三井住友銀行系では、住友化学傘下の抗精神病薬の大日本住友製薬と塩野義製薬に再編の可能性がある。塩野義は高脂血症薬という切り札を持っており魅力的。手代木功(てしろぎ・いさお)社長のもと、過去4年間で株価は6倍になった。塩野義を中心に三井住友銀行系は回ることになるかもしれない。
みずほ銀行がメインの企業のなかでは、カテーテルなど心臓血管領域に強みをもつテルモが医薬品メーカーの買収に高い関心を示している。糖尿病薬のキッセイ薬品工業や気管支ぜんそく薬のキョーリン製薬ホールディングスの主力銀行も、みずほである。胃腸薬のわかもと製薬の筆頭株主はキッセイ薬品だ。
大塚ホールディングスは主力の抗精神病薬が米国で特許切れ。M&Aに動く可能性が高い。地銀の阿波銀行とりそな銀行がメインだ。認知症薬、抗潰瘍薬を世界展開しているエーザイは独立路線を堅持できるかどうかが焦点。16年3月期の売上高は5500億円の見込みだが、1兆円企業にならないと苦しい。メインは埼玉りそな銀行だ。

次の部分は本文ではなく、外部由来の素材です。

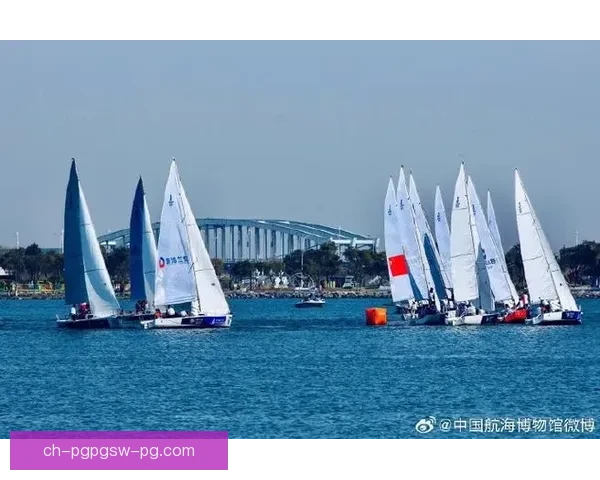 帆船赛事精彩回放：扬帆启航，梦回征程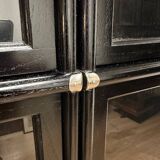 Black Globe Wernicke Bookcase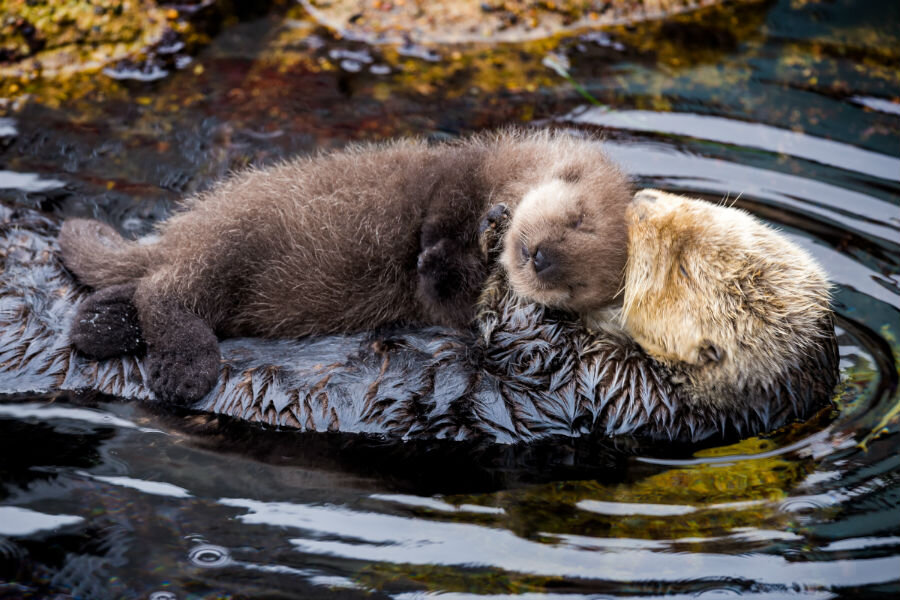 monterey bay aquarium welcomes fuzzy newborn otter photos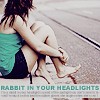 Rabbit in Your Headlights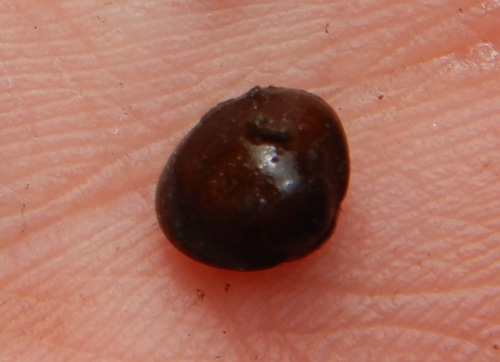 Arctic Fingernailclam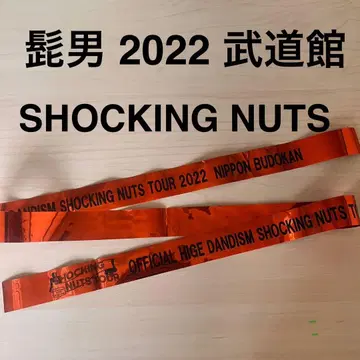 히게단 SHOCKING NUTS 투어 부도칸 테이프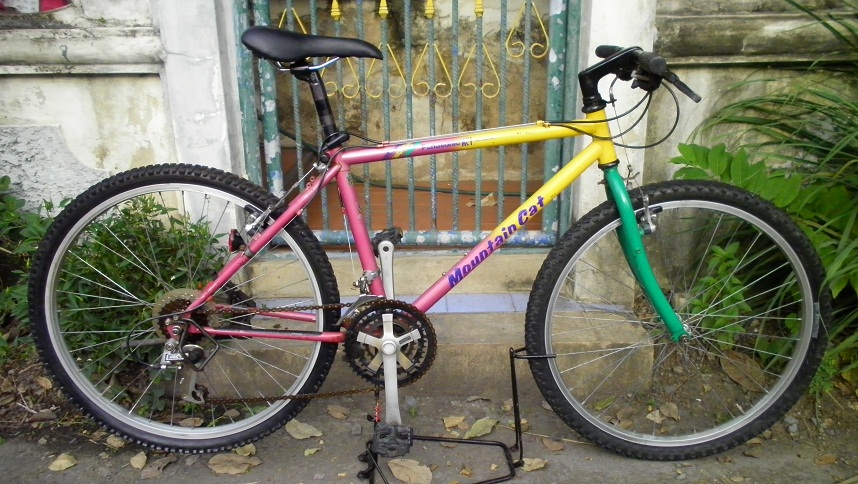 SANY0255.JPG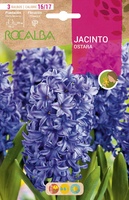 Bulbos Jacinto Variedad Ostara Azul Celeste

エーザイは得意としてきた消化器系分野を、より効率的な研究開発体制を整えるため分社化し、味の素の製薬子会社と統合する。化粧品の原料や検査薬の事業売却も決めた。認知症とがんの新薬開発に経営資源を集中する。
勢力地図が大きく変化の可能性も
M&Aを仕掛ける側のメインプレーヤーになる可能性が高いのは、富士フイルムホールディングスだ。18年度にも血液がんの抗がん剤を発売する。米国で臨床試験から治験に進むことを決めたほか、日本では治験を実施中だ。がん分野で同社初の薬となる。「医薬品事業を成長の牽引役にする」と古森重隆会長兼CEO(最高経営責任者)は明言している。東レも注目される。関節機能改善薬の科研製薬の大株主(4.7%を出資)だ。
製薬業界の最大の関心事は、国内最大手である武田薬品工業。世界トップ10入りを目指していたが、海外M&Aがうまくいかず収益が悪化し17位(14年)まで後退した。国内2位のアステラス製薬は前立腺がんの薬などが伸びており、連続最高益を続けている。武田と好対照だ。武田は筆頭株主(7.2%を出資)の、婦人科系、泌尿器系に強いあすか製薬(旧・帝国臓器製薬)を吸収合併するだけでは足りない。
政府が製薬再編の旗を本気で振るとすれば、財務大臣名義で33.3%を出資しているJT(日本たばこ産業)を巻き込むことになるかもしれない。もしJT・武田連合になれば、世界のメガファーマと戦う体制が整うが、可能性は低いとされる。